## Raw data:
[Start of Attachment]
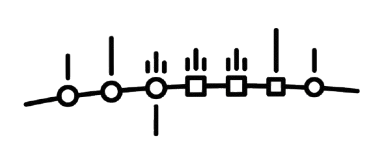 Campaign timeline visualization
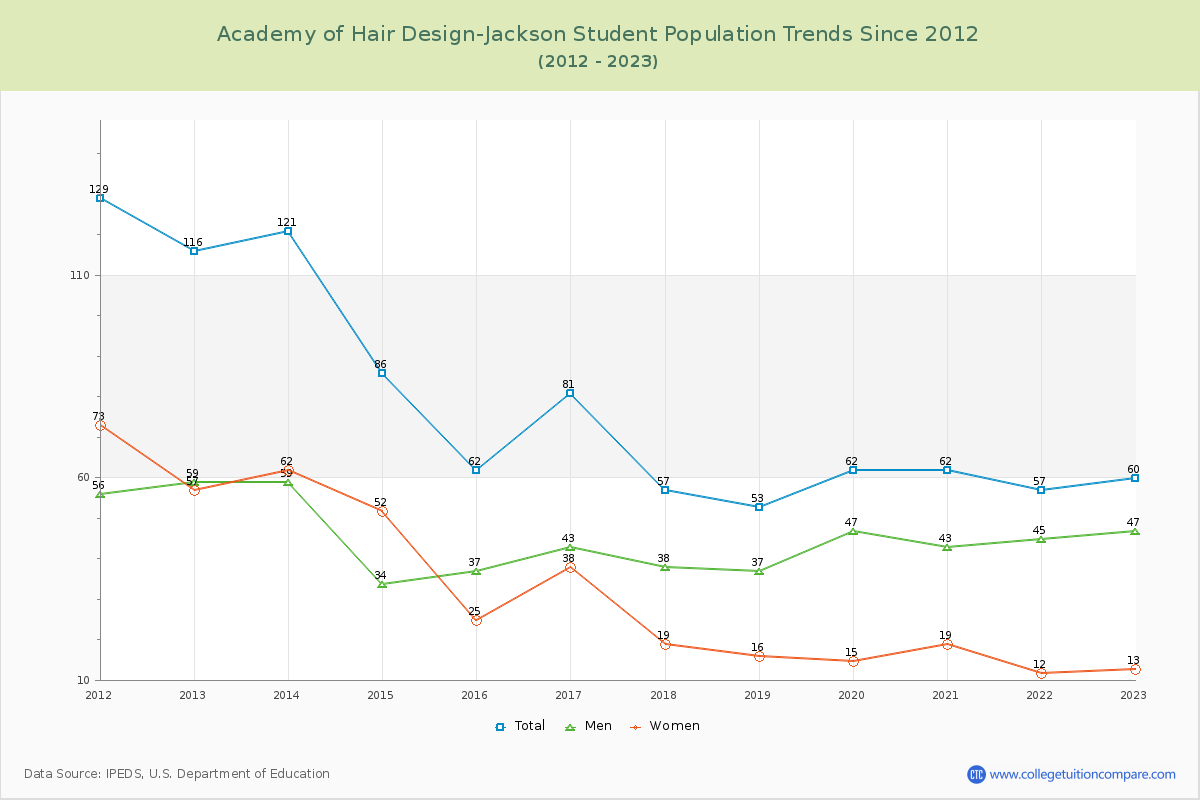 Academy of Hair Design-Jackson Enrollment Trends Chart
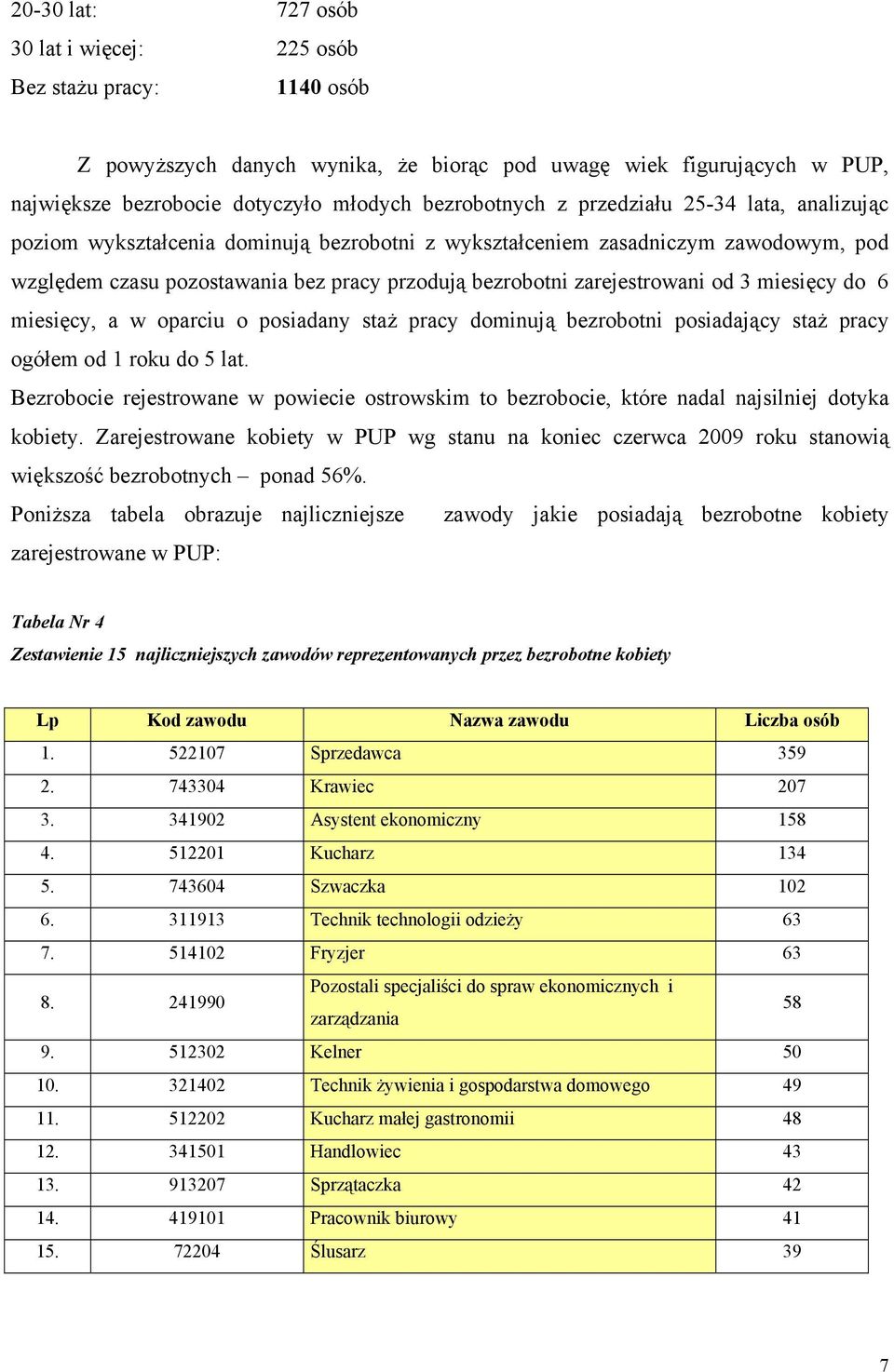 miesięcy do 6 miesięcy, a w oparciu o posiadany staż pracy dominują bezrobotni posiadający staż pracy ogółem od 1 roku do 5 lat.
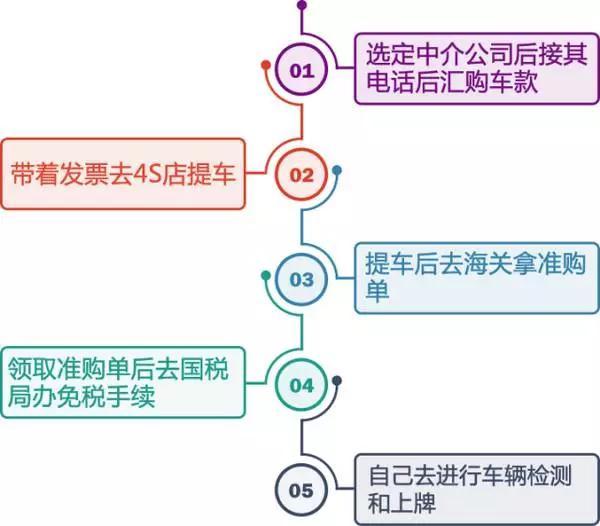 留学生回国购车的流程是什么？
[End of Attachment]
Give again, word for word, the lines above from the one with "Academy of Hair" through the final line of the data, both ends included. Do not copy any picture.

## Answer for the task:
 Academy of Hair Design-Jackson Enrollment Trends Chart
 miesięcy do 6 miesięcy, a w oparciu o posiadany staż pracy dominują bezrobotni posiadający staż pracy ogółem od 1 roku do 5 lat.
 留学生回国购车的流程是什么？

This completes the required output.